In January 2013, Donald Farber, the literary executor of Kurt Vonnegut’s estate, asked Vonnegut’s long time friend, the author Dan Wakefield, to come from Indianapolis to New York City to sift through cardboard boxes full of the late writer’s belongings. Among the stack of papers, which included rejected short stories from the 1950s, were speeches from the many commencement addresses Vonnegut delivered in his lifetime.

Wakefield compiled and edited the speeches, and wrote an introduction, for an e-book called If This Isn’t Nice, What Is? published by RosettaBooks last April. Now, a year later, Seven Stories will be releasing the book in hardcover on April 8, just ahead of graduation season, updated with illustrations from Vonnegut’s journals.

“He always responded to those invitations [from universities], and always liked speaking to young people, to college graduates and reminding them what they accomplished,” said Wakefield, who also edited and introduced Kurt Vonnegut Letters, released in 2012 by Delacorte.

Vonnegut and Wakefield are "kindred spirits," according to Seven Stories publisher Dan Simon. "There a lot of people after the fact that have something to do with Kurt, and I think Dan [Wakefield] is the best of the bunch.”

“Seven Stories had a complete free hand with the blessing of Kurt’s estate," Simon continued. They turned to the Lilly Library at Indiana University Bloomington, which houses a collection of Vonnegut’s manuscripts and memorabilia, to see what art was available to illustrate the work. Eventually, the publisher re-purposed art found in notebooks Vonnegut filled out while writing his 1973 novel, Breakfast of Champions.
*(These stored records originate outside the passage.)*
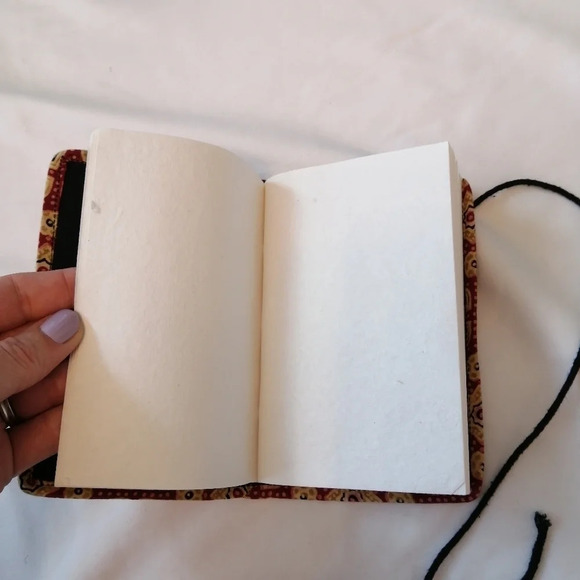 NWOT Natural Paper Plain Notebook with Soft Cover and Tie Closure - Picture 8 of 15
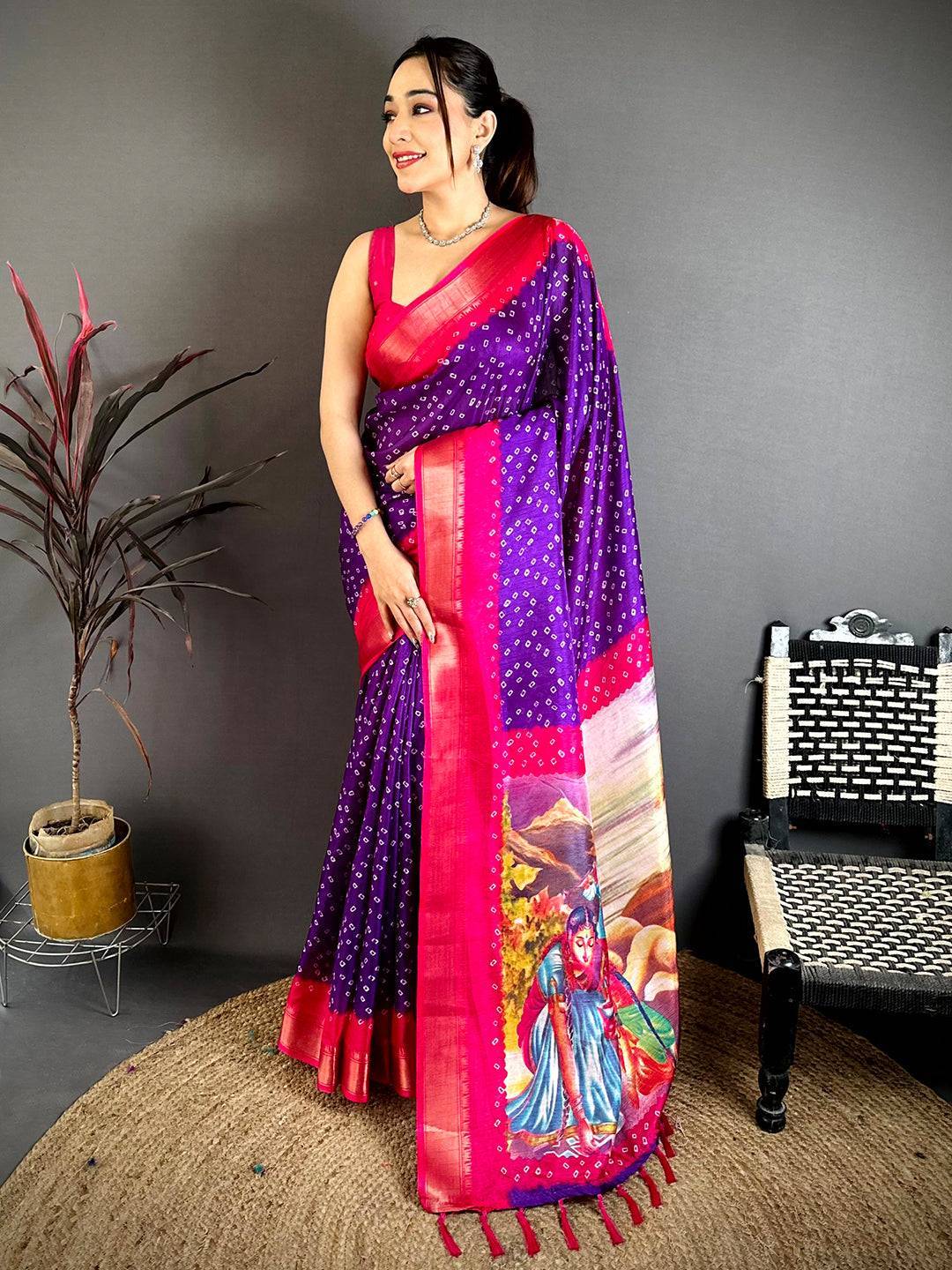 Purple Bandhej Fusion Dola Print Saree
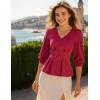 imageGRACE KARIN Womens Tops Fall Dressy Casual Blouse V Neck 34 Sleeve Peplum Business Shirts 2025 Fashion ClothingBurgundy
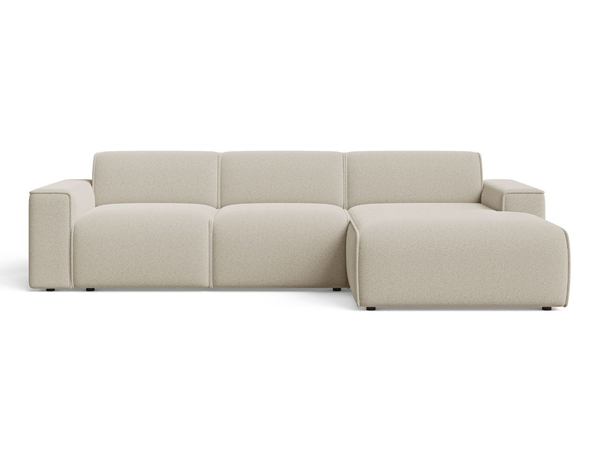 Ecksofa L-Form Rechts Lavia Bouclé-Stoff Beige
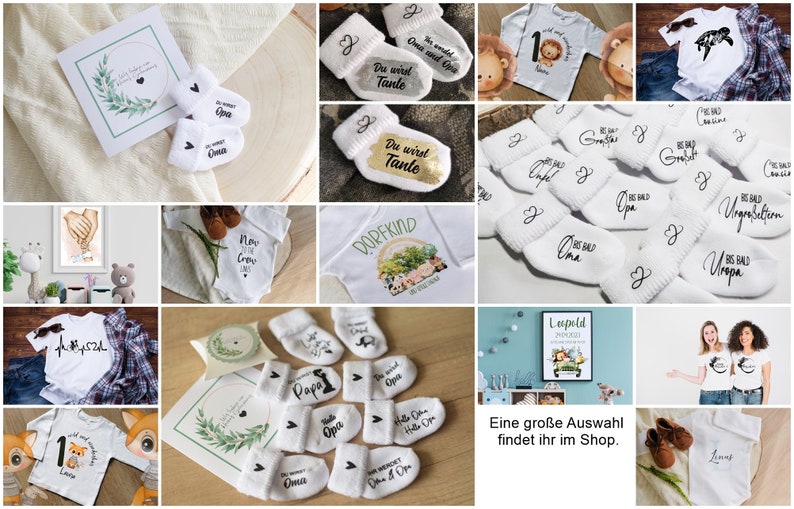 Announce pregnancy, baby sock white, personalized you will be grandma grandpa uncle aunt, sock edge with heart image 6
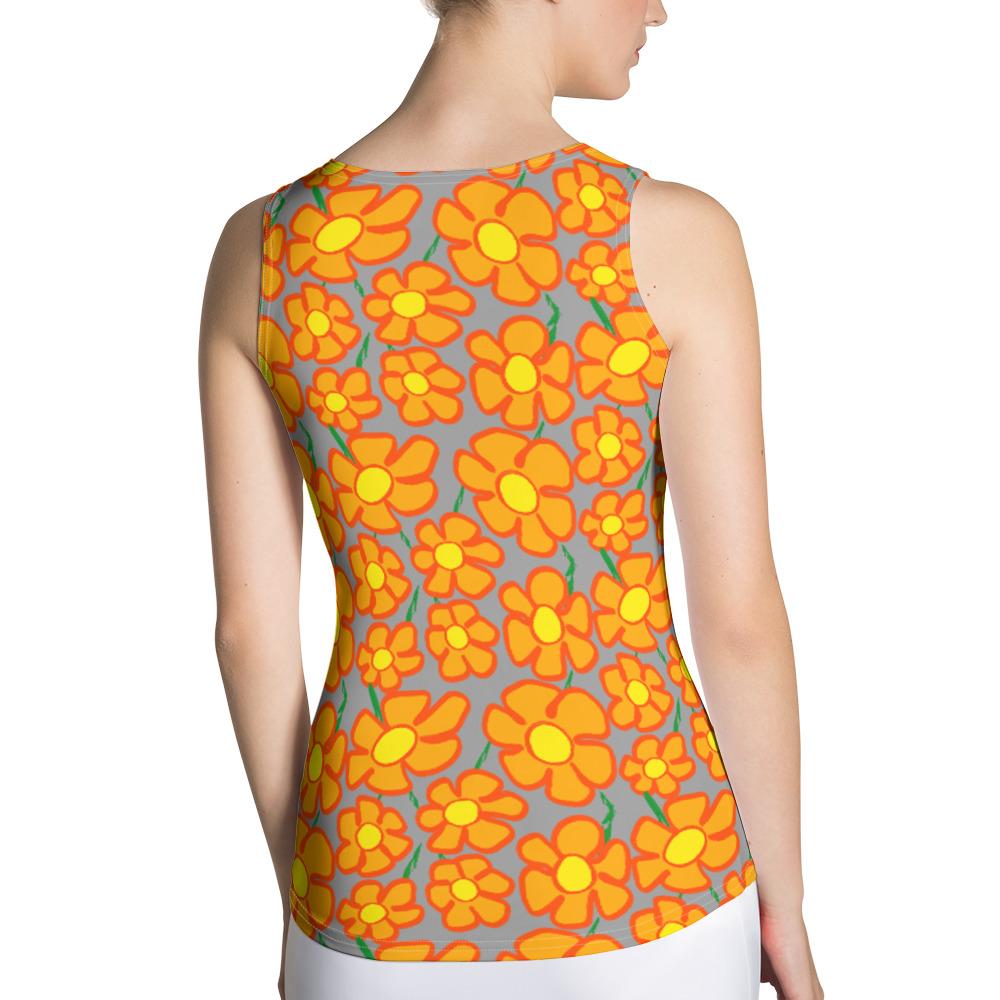 Orangeflower Pattern Med Gray - AOP Fitted Tank Top - Keen Eye Design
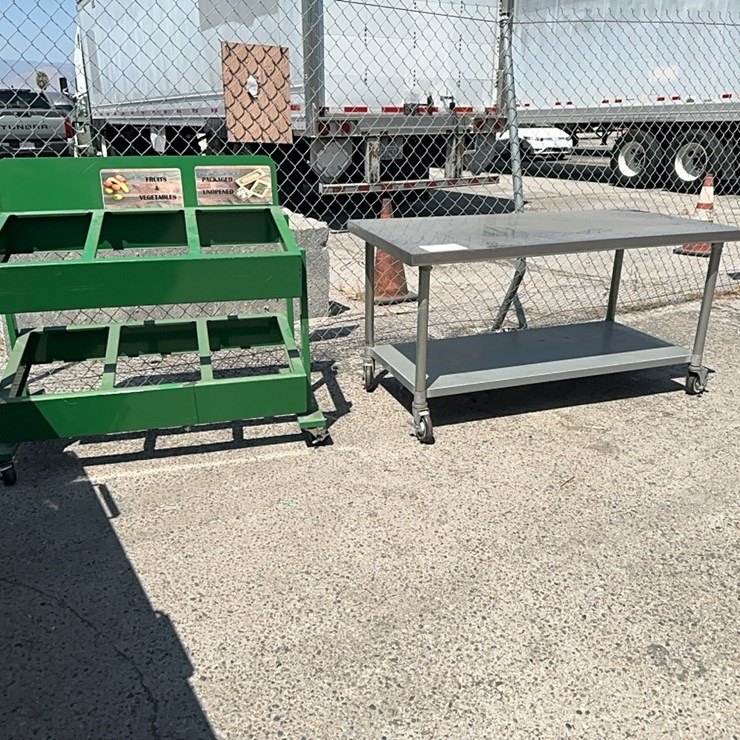 LOT#- - METAL TABLE & FRUIT RACK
If This Isn't Nice, What Is?, a nod to a family anecdote Vonnegut often referenced, consists of nine speeches, seven of which were delivered at university commencements. Wakefield also incorporated a speech Vonnegut gave at the American Civil Liberties Union of Indiana in 2000 entitled “Why You Can’t Stop Me From Speaking Ill of Thomas Jefferson,” and one delivered when he received the Carl Sandburg Award in 2001 called, “Don’t Despair If You Never Went to College!” The latter is a significant inclusion, as Vonnegut himself wasn’t able to complete his college degree at Cornell, withdrawing in 1943 to join the army in World War II. (He was given an honorary degree by the University of Chicago in 1971).


“This is a side of Kurt that we’re introducing for the first time,” said Simon. “Different from the Kurt of novels, plays, and short stories. The Kurt of the speeches is ‘particular,’ very intimate, very tender, and a little bit sad. I believe that comes from the fact that, here he is speaking to college graduates and college students, and [he] never graduated. His experience was crowded by the war, and crowded by his mother’s suicide.”

Despite the fact that Vonnegut created a newly-minted talk for each engagement, “there’s a few things that run through all of them,” said Wakefield. “He always asked the class to turn to the person next to them and tell them the name of one teacher that made them feel better about themselves, or more interested in life, or more anxious to learn. And one of the themes of his talks [was] always mercy.” Although he wasn’t a Christian, Vonnegut “probably quotes the from the Sermon on the Mount more than anything,” added Wakefield.

Naturally, the inherent value of writing is another unifying theme of Vonnegut’s speeches. “He talks about how people everywhere need art, because everybody is hungry for a message, which is, you are not alone,” said Wakefield. “That there are other people who think and feel the same things that you do.”

While some of the talks in the collection were given as recent as 2004, others are older, from 35 years ago. Still, both Wakefield and Simon touched on the the evergreen interest in Vonnegut’s thoughts and writings. In his introduction, Wakefield writes that a professor at the University of Massachusetts told him that, “It’s hard to get students to read Updike and Bellow anymore, but they still love Vonnegut.”

“His words don’t get old,” added Simon. “I don’t know that there’s another writer whose words don’t get old like Kurt’s don’t get old.”